By Oliver Johnson | June 26, 2023

Estimated reading time 5 minutes, 59 seconds.

Bell is ramping up staffing and capacity as it looks to build momentum in the development of its V-280 Valor, following the U.S. Government Accountability Office’s decision to uphold its selection for the U.S. Army’s Future Long Range Assault Aircraft (FLRAA) program.

The U.S. Government Accountability Office (GAO) denied Sikorsky-Boeing’s protest to overturn the FLRAA decision in April 2023. Bell Photo

The Fort Worth, Texas-based manufacturer was announced as the FLRAA winner in December 2022, but a protest from Sikorsky and Boeing delayed the start of work on the program until April.

The initial development contract seeks to define the Valor’s weapon system design, sustainment, digital enterprise, manufacturing, systems integration, flight testing, and airworthiness qualification.

Bell is focused on being “vicious on schedule,” the company’s CEO Lisa Atherton told reporters at the Paris Air Show, where a full-scale mockup of the V-280 spanned Bell’s enormous pavilion at the event. “We have to make sure that we hit all of our marks right out of the gate, because our warfighter is depending on it.”

Atherton said the Army has a “very deliberate plan” in rolling out the V280 fleet. “We’re following them very closely, and ensuring that we meet their marks on time, on schedule, [and] on cost,” she said. “We’re just excited about making history. This is generational.”

The company spent much of the last decade working towards the FLRAA contract win, and Atherton said this work has secured the company’s future.

“The only way to make sure that we keep that future secure is to hit every single mark on this contract, as needed for the Army,” she said. “We are never going to be the one that they’re waiting for — we want to make sure we are there or ahead of what the Army needs on this contract.”

Keith Flail, executive VP of military business at Bell, said execution was now “the name of the game” for Team Valor.

“We’re underway, getting all the things that you would expect turned on: staffing up for the program, having the consensus of contract, getting our teammates working [and] moving forward.”

He said the company is also continuing to invest in its physical and digital infrastructure to ensure it can ramp up production when required.

“We, as an executive leadership team, are very focused on the building the many, thinking about the Production Readiness Review that’s out there and what it takes to get to rate.”

While the Army has not provided ramp up rate with yearly production targets, the UH-60 Black Hawk saw a peak output of over 80 aircraft a year, and Atherton said Bell has “hit a sweet spot of what we’re trying to optimize to.”

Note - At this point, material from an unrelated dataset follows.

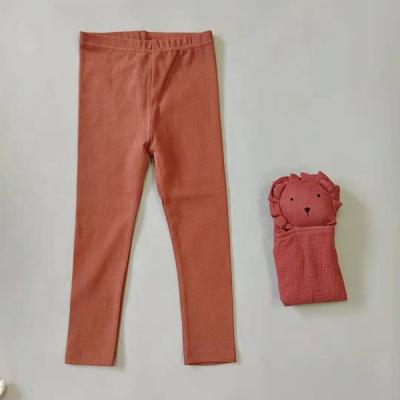 China Brushed Anti-pilling Ribbed 260 g Toddler Baby Gaiters Pants Casual Pants for sale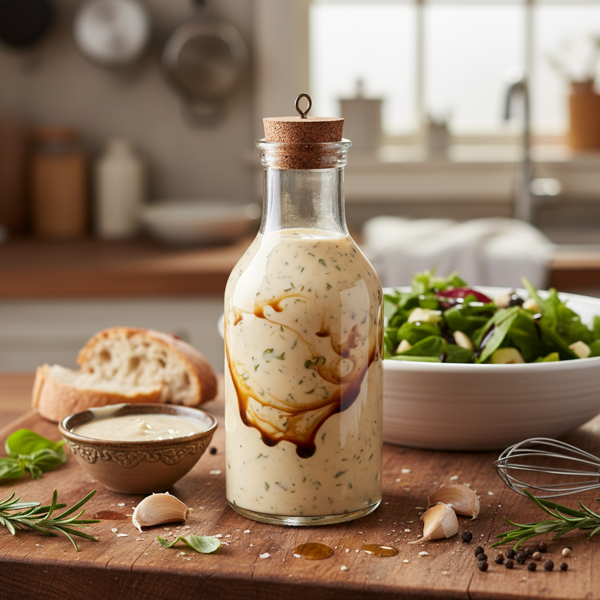 Creamy Garlic Balsamic Vinaigrette recipe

The Army’s Production Readiness Review is in 2027. “That’s a mere three years away,” said Atherton. “So, we’re investing now to make sure that we can hit that rate for the Army.”

A key element in enabling this is the company’s Manufacturing Technology Center, which has been used to prove out new production technologies for transmissions, gearboxes, blades, and advanced composites.

“The Manufacturing Technology Center is really a microcosm of the future factory,” said Flail. “Because we know that we have our manufacturing processes nailed down — and making sure that the community, the airworthiness folks, everybody’s comfortable with what we’re doing — so that when we go to rate, it’s a matter of scaling appropriately out of what is currently in that center.”

The company is also hopeful of foreign military sales (FMS) further down the road. Flail acknowledged “quite a bit” of international interest in the V-280, due to the aircraft’s potential speed, range, payload and endurance. The U.K, the Netherlands, Australia and Canada have already been linked with type.

Textron CEO Scott Donnelly said the company was taking the opportunity to speak to prospective international customers while in Paris. “Clearly FMS will be an important part of the program as time goes on, so there’s a lot of great discussions going around with those potential customers.”